The council has 60 general fund offices and in addition to the 16 offices identified for review, 16 are to be retained while 15 have no data and 13 are misclassified (either disposed of or not currently being used as office accommodation.

Around 21 properties have been classified as vacant or mothballed and further work has started to confirm their status and seek to expedite disposals wherever possible and appropriate.

Targeted condition surveys will provide an external view of the overall state of the current property portfolio.

Initially, surveys will prioritise depots and stores – key sites which will require targeted investment.

Once complete, all remaining sites which include a building will be surveyed within the next 18 months.

The condition surveys will be vital towards making long-term decisions over properties, including whether they are rationalised or repurposed and where appropriate further investment can be targeted in a sustainable way, therefore informing the council’s capital strategy.

Given a significant percentage of the council’s built estate continues to be heated through oil and gas, which accounted for 28 per cent of its total corporate carbon footprint in 2019/20 at a cost of £2 million, council says the asset rationalisation programme is fundamental to the realisation of its net zero requirements.

Councillors will also consider future capital spend as part of a medium term financial strategy at Thursday's meeting.

Greater certainty for the estimated budget gap for 2022/23 may be possible over the coming weeks as details of the local government funding settlement become clear and if pay award negotiations come to a conclusion.

While the average annual budget gap is around £15 million, a gap of £9 million to £34 million is considered possible for financial year 2022/23 alone, with a potential five-year gap up to £120 million.

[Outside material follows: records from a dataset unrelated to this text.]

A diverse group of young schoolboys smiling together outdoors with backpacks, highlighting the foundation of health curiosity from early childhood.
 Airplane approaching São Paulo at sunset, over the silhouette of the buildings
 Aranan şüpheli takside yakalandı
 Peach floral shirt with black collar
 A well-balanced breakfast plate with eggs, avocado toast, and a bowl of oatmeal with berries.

Councillors will be asked to consider a 15-year capital investment programme of £658.132 million which aligns with the council’s long term strategic aims and reflects long term budget planning.

This is in addition to the current approved programme of projects which totals £281.762 million giving a combined programme value of £938.894 million.

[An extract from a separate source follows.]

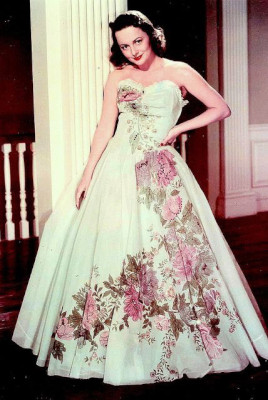 Olivia de Havilland wearing a hand-painted floral Ann Lowe original design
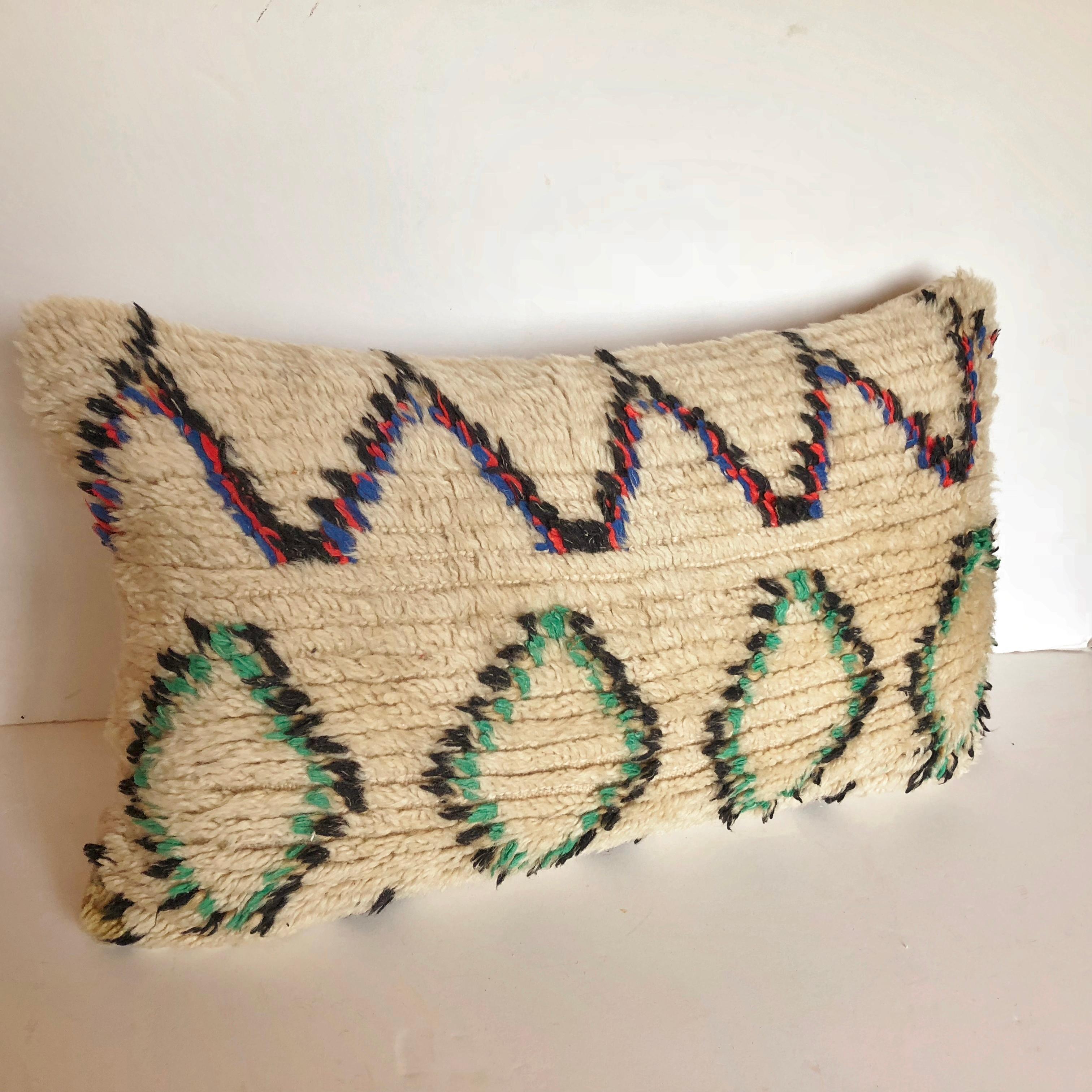 Custom pillow cut from a vintage hand loomed wool Moroccan Azilal rug from the Atlas Mountains. Wool is soft and lustrous with all natural dyes. Pillow is backed in creamy mohair, filled with 100% down and hand sewn closed. We make all of our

In a statement, the council said: "The level of capital investment that the council has been making over recent years and intends to make over the next three years (over £100 millio n in each of those years) cannot be sustained indefinitely without a substantial increase in the loans charges budget.

"The impact of not being able to sustain that level of investment may result in the overall condition of the council’s assets deteriorating or may lead to the interruption of, or inability to sustain, current service levels.

"It is in the context of this outlook that members need to consider the affordability of capital investment."

Depute leader Alasdair Christie said: "The capital programme needs to balance the competing demands for the limited resources available to us.

"There are huge needs across our vast school estate, thousands of km of roads and bridges, as well as meeting statutory health and safety requirements.

"We have already made the biggest investment in recent years in our Highland roads.

"However, it is simply not possible to address all the needs identified within the proposed programme as a council alone.

"We need to prioritise where funding will provide best value and maximise local economic opportunities.

"The proposed capital programme represents an ambitious and pro-active approach to addressing challenges, capitalising on the opportunities and investing in the long term future of the Highlands."

Council leader Margaret Davidson added: "The council’s capital programme also needs to play a pivotal role in addressing the organisation’s duty to tackle climate change and achieve net zero. "Rationalisation of our huge estate, getting rid of crumbling buildings and reducing the energy bills and repurposing some of the buildings we keep is essential.

"At the last full Council meeting, we agreed that we must reduce, re-use, recycle and re-purpose before considering the creation of new assets.

"Only where none of these options are deliverable or appropriate, should the focus be on building new, and even then these new assets must be as carbon neutral as possible.

"It must be recognised that this comes at a cost that has to be met up front, whilst the benefits can take many years to accrue."